§ DATA TO EXAMINE

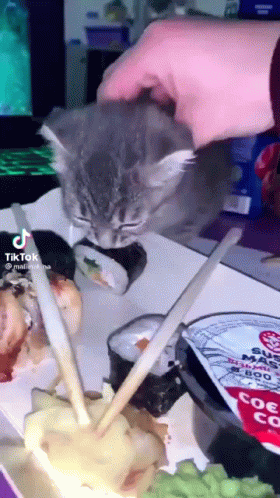 Cat Thirst Cat Sushi GIF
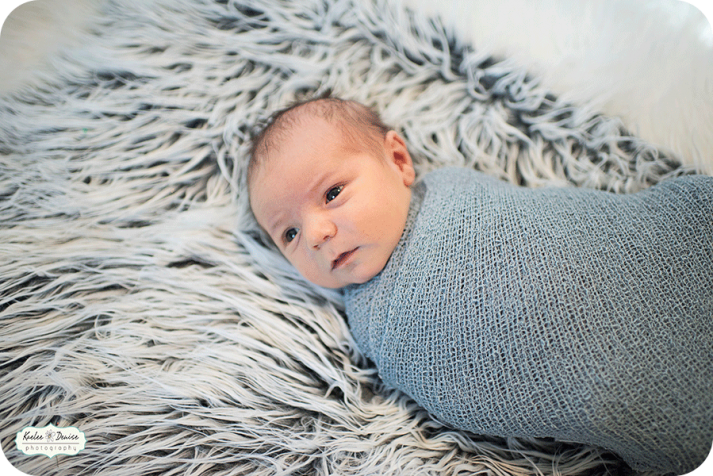 Asheville lifestyle portrait photographer 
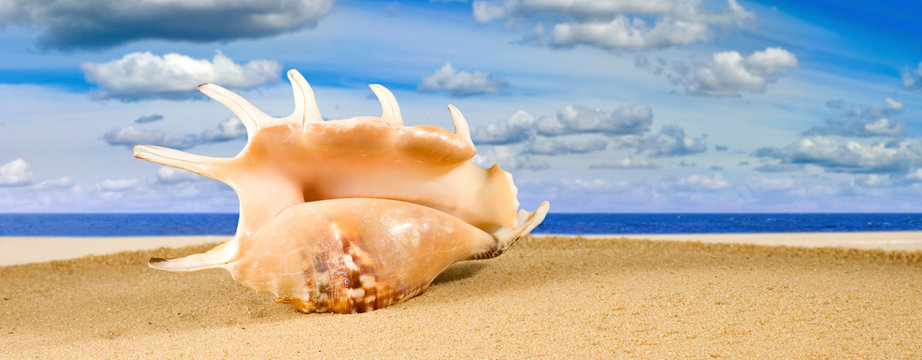 image of sea shell on the sand against sea background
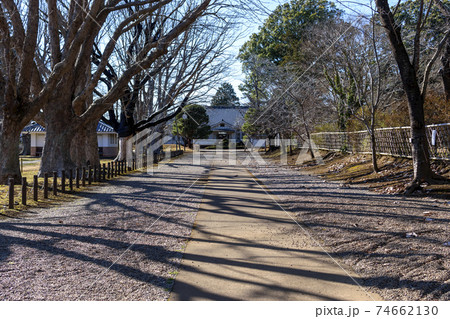 三里塚御料牧場記念館 早春のマロニエ並木と影 三里塚御料牧場記念館 早春のマロニエ並木と影 74662130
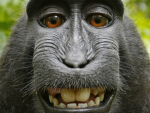 Monkey . Inc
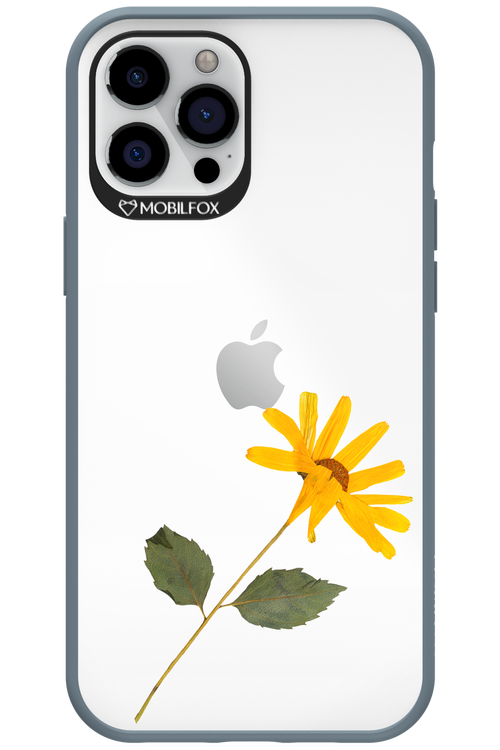Pressed Flower - Apple iPhone 12 Pro Max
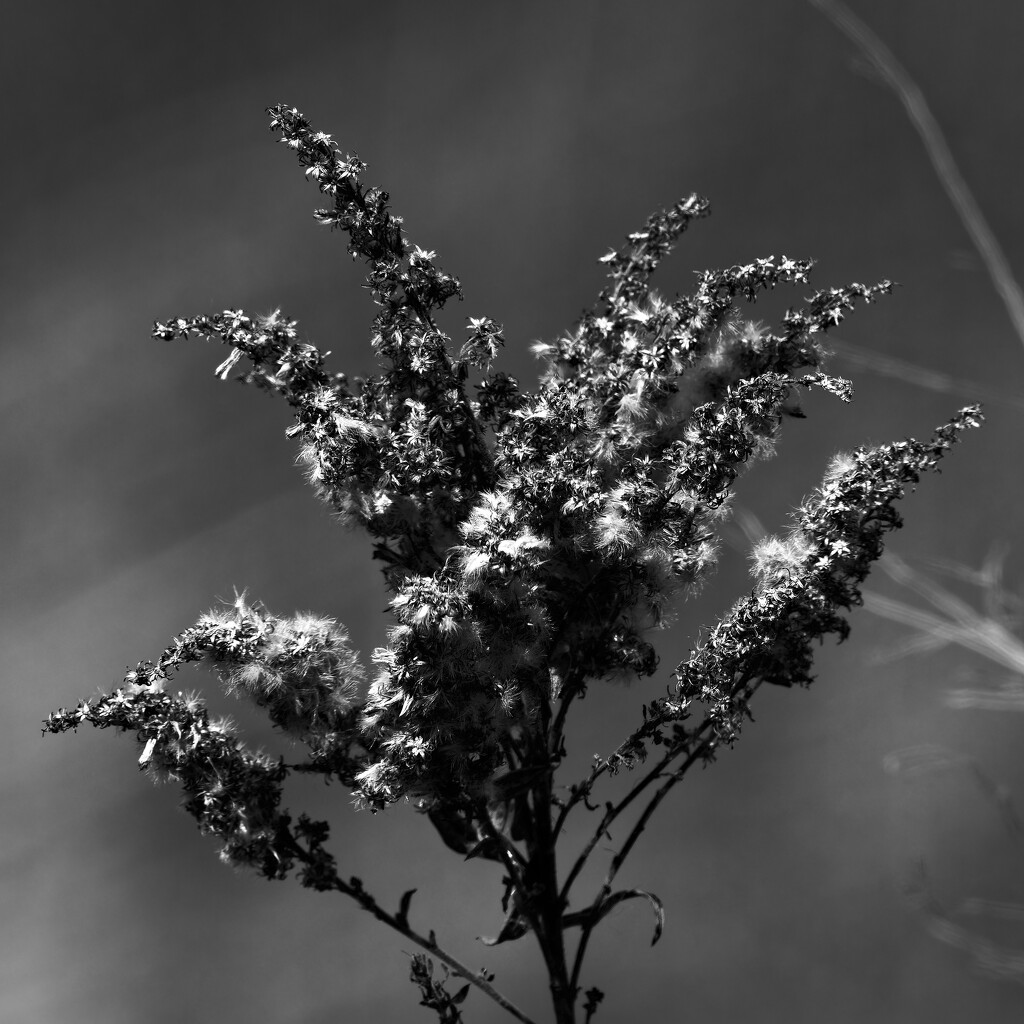 goldenrod in black and white by rminer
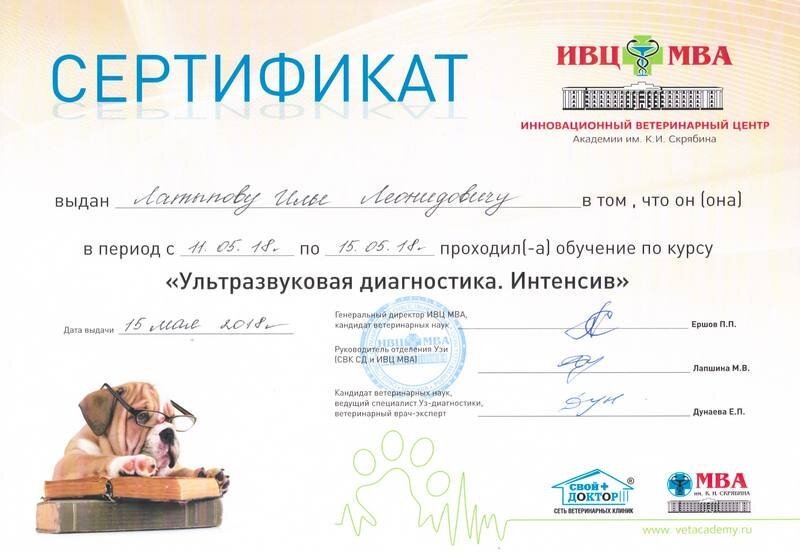 Документ или сертификат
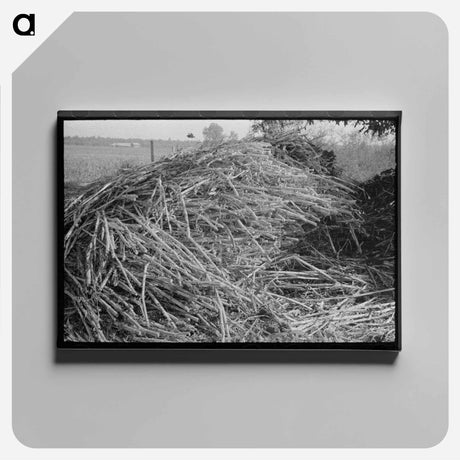 アートパネル-Sorghum, Lake Dick Project, Arkansas
 - ラッセル リー Canvas.
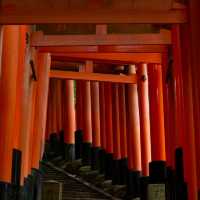 中井神社·隱秘靜謐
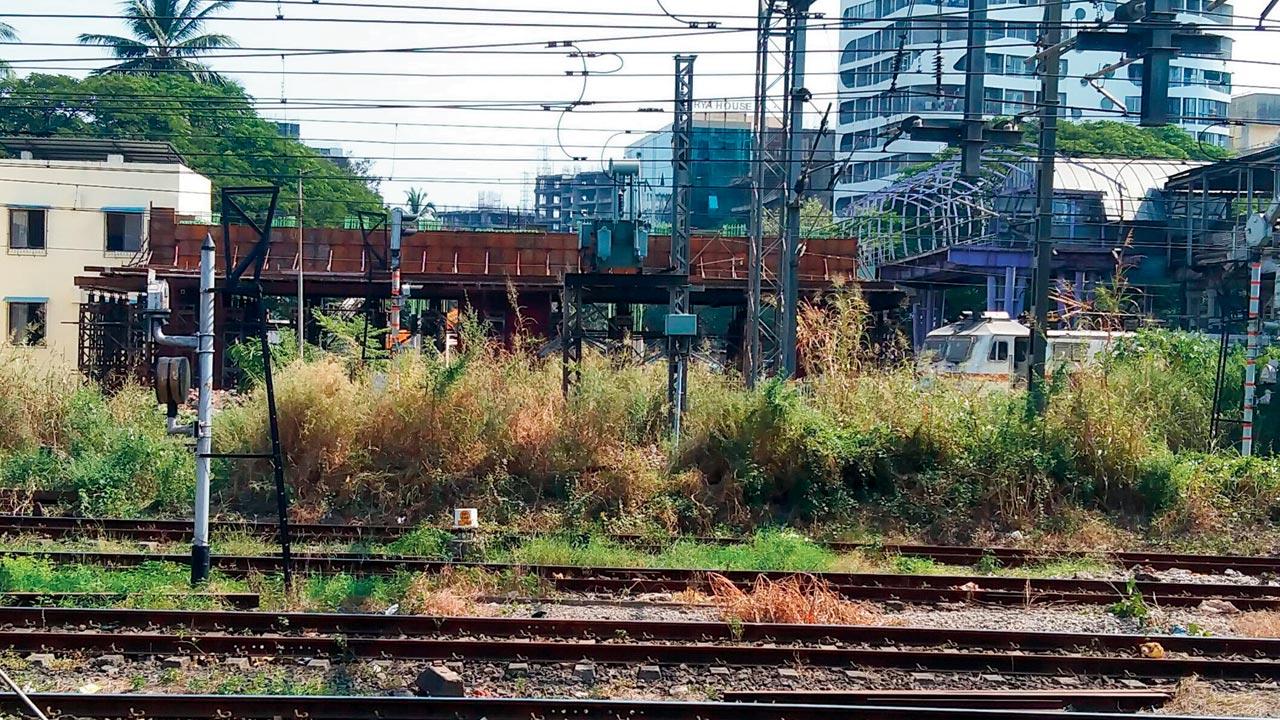 The site where the Vidyavihar bridge will come up over the tracks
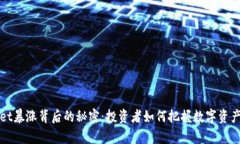 tpWallet暴涨背后的秘密：投资者如何把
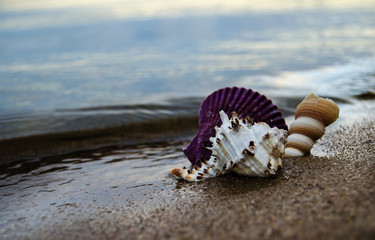 Close up of beach sand with sea shells. Conch shells at the beach, selective focus. Coast background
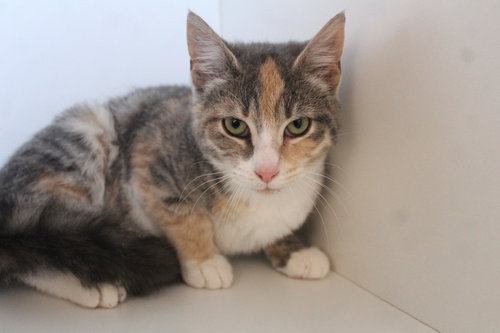 Rosy Maple Moth, an adoptable Domestic Short Hair in Chestertown, MD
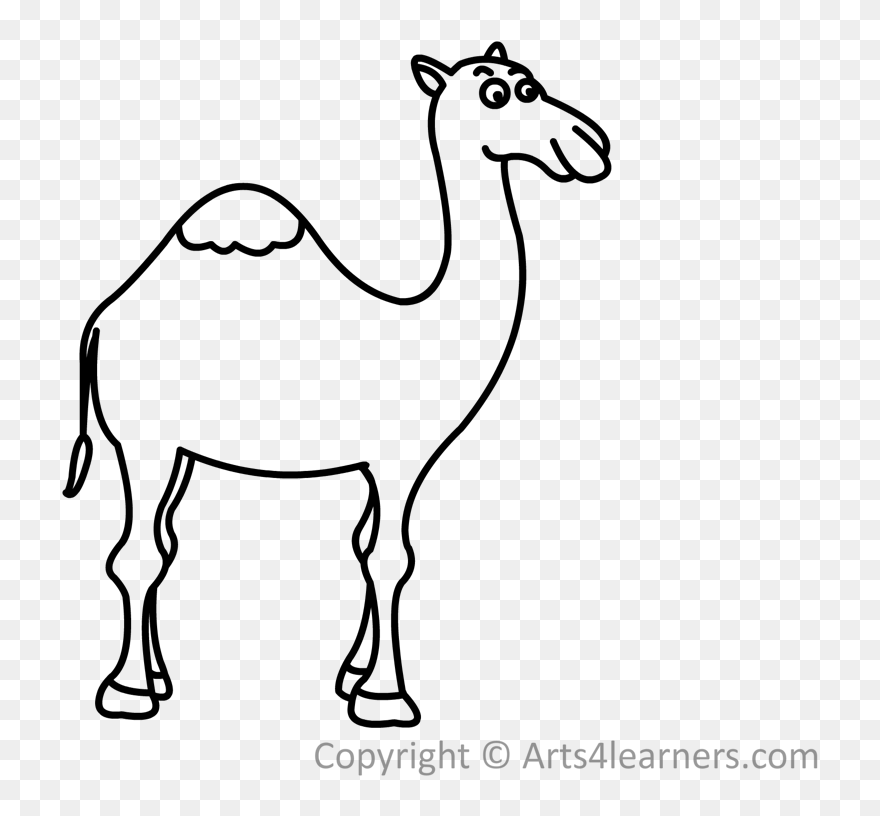 camel black and white clipart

§ REQUIREMENT
Reproduce the lines of the data that run from the one containing "Rosy Maple Moth, an" to the final line, both included, exactly as they appear and without the pictures.

§ RESPONSE BELOW
 Rosy Maple Moth, an adoptable Domestic Short Hair in Chestertown, MD
 camel black and white clipart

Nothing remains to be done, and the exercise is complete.